| ← | 51st | 53rd | → |
- Arizona State Capitol (2014)

Overview
- Legislative body: Arizona State Legislature
- Jurisdiction: Arizona, United States
- Term: January 1, 2015 – December 31, 2016

Senate
- Members: 30
- President: Andy Biggs
- Temporary President: Sylvia Allen
- Party control: Republican (17-13)

House of Representatives
- Members: 60
- Speaker: David Gowan
- Party control: Republican (36–24)

Sessions
- 1st: January 12 – April 3, 2015
- 2nd: January 11 – May 7, 2016

Special sessions
- 1st: October 28 – October 30, 2015

= 52nd Arizona State Legislature =

Session of the Arizona Legislature

The 52nd Arizona State Legislature, consisting of the Arizona State Senate and the Arizona House of Representatives, was constituted in Phoenix from January 1, 2015 to December 31, 2016, during the first two years of Doug Ducey's first full term in office. Both the Senate and the House membership remained constant at 30 and 60, respectively. Senate balance was unchanged, leaving the Republicans with a 17-13 majority. Republicans also maintained an unchanged 36–24 majority in the House. One senator switched party affiliation from Democrat to Republican in November 2015, boosting the Senate Republican majority to 18-12 for the second legislative session.

==Sessions==
The Legislature met for two regular sessions at the State Capitol in Phoenix.
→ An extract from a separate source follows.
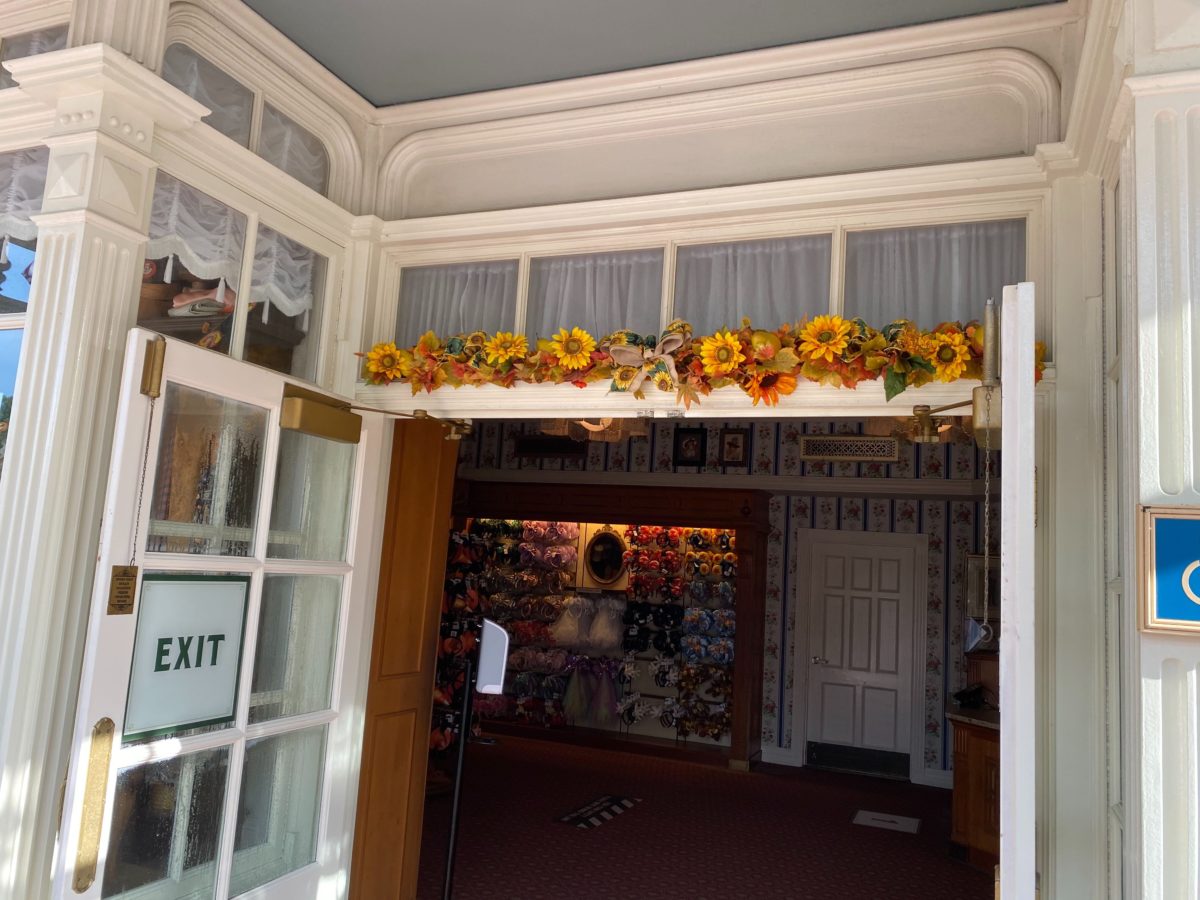 main-street-fall-wreaths-2020_6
The first opened on January 12, 2015, and adjourned on April 3, while the Second Regular Session convened on January 11, 2016 and adjourned sine die on May 7.
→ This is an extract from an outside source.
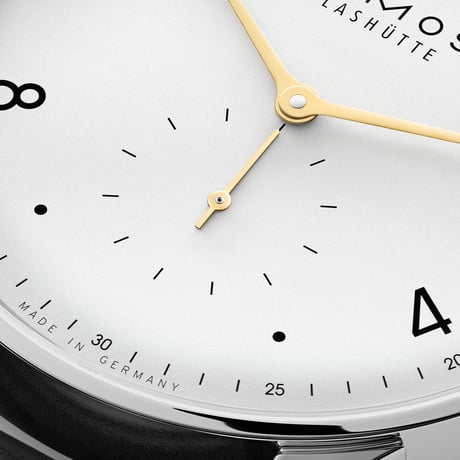 NOMOS Glashütte / Minimatik 39 Date Gold / NM1251 1251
There was one Special Session, which was convened on October 28, 2015 and adjourned on October 30.

==State Senate==
===Members===

The asterisk (*) denotes members of the previous Legislature who continued in office as members of this Legislature.

| District | Senator | Party | Notes |
| 1 | Steve Pierce* | Republican |  |
| 2 | Andrea Dalessandro* | Democrat |  |
| 3 | Olivia Cajero Bedford* | Democrat |  |
| 4 | Lynne Pancrazi* | Democrat |  |
| 5 | Kelli Ward* | Republican | Resigned December 15, 2015 |
| Sue Donahue | Republican | Appointed December 22, 2015 |
| 6 | Sylvia Allen | Republican |  |
| 7 | Carlyle Begay* | Democrat | Switched to Republican Party on November 23, 2015 |
| 8 | Barbara McGuire* | Democrat |  |
| 9 | Steve Farley* | Democrat |  |
| 10 | David Bradley* | Democrat |  |
| 11 | Steve Smith | Republican |  |
| 12 | Andy Biggs* | Republican |  |
| 13 | Don Shooter* | Republican |  |
| 14 | Gail Griffin* | Republican |  |
| 15 | Nancy Barto* | Republican |  |
| 16 | David C. Farnsworth* | Republican |  |
| 17 | Steve Yarbrough* | Republican |  |
| 18 | Jeff Dial | Republican |  |
| 19 | Lupe Contreras | Democrat |  |
| 20 | Kimberly Yee* | Republican |  |
| 21 | Debbie Lesko | Republican |  |
| 22 | Judy M. Burges* | Republican |  |
| 23 | John Kavanagh | Republican |  |
| 24 | Katie Hobbs* | Democrat |  |
| 25 | Bob Worsley* | Republican |  |
| 26 | Ed Ableser* | Democrat | Resigned September 30, 2015 |
| Andrew Sherwood | Democrat | Appointed November 4, 2015 |
| 27 | Catherine Miranda | Democrat |  |
| 28 | Adam Driggs* | Republican |  |
| 29 | Martin Quezada | Democrat |  |
| 30 | Robert Meza* | Democrat |  |

== House of Representatives ==

=== Members ===
The asterisk (*) denotes members of the previous Legislature who continued in office as members of this Legislature.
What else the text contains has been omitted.